▸ **TASK TO CARRY OUT**
The line with "uthai heritage hotel" marks the start; please set it down along with all later lines through the end of the material, exactly, leaving out pictures.

▸ **DATA SHOWN**
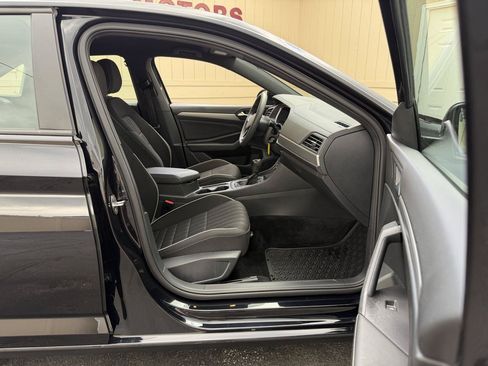 Used 2023 Volkswagen Jetta Sport FWD image 3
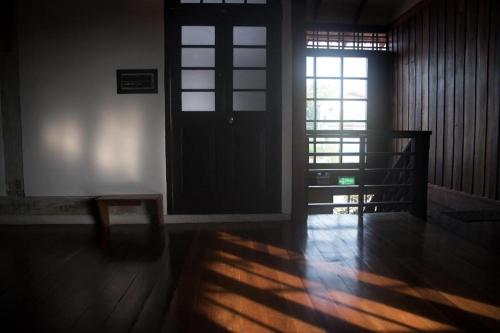 uthai heritage hotel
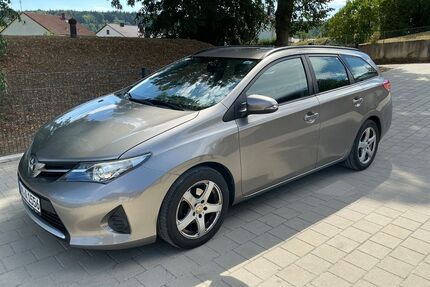 Toyota Auris Touring Sports Gebrauchtwagen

▸ **RESPONSE FOR THIS EXERCISE**
 uthai heritage hotel
 Toyota Auris Touring Sports Gebrauchtwagen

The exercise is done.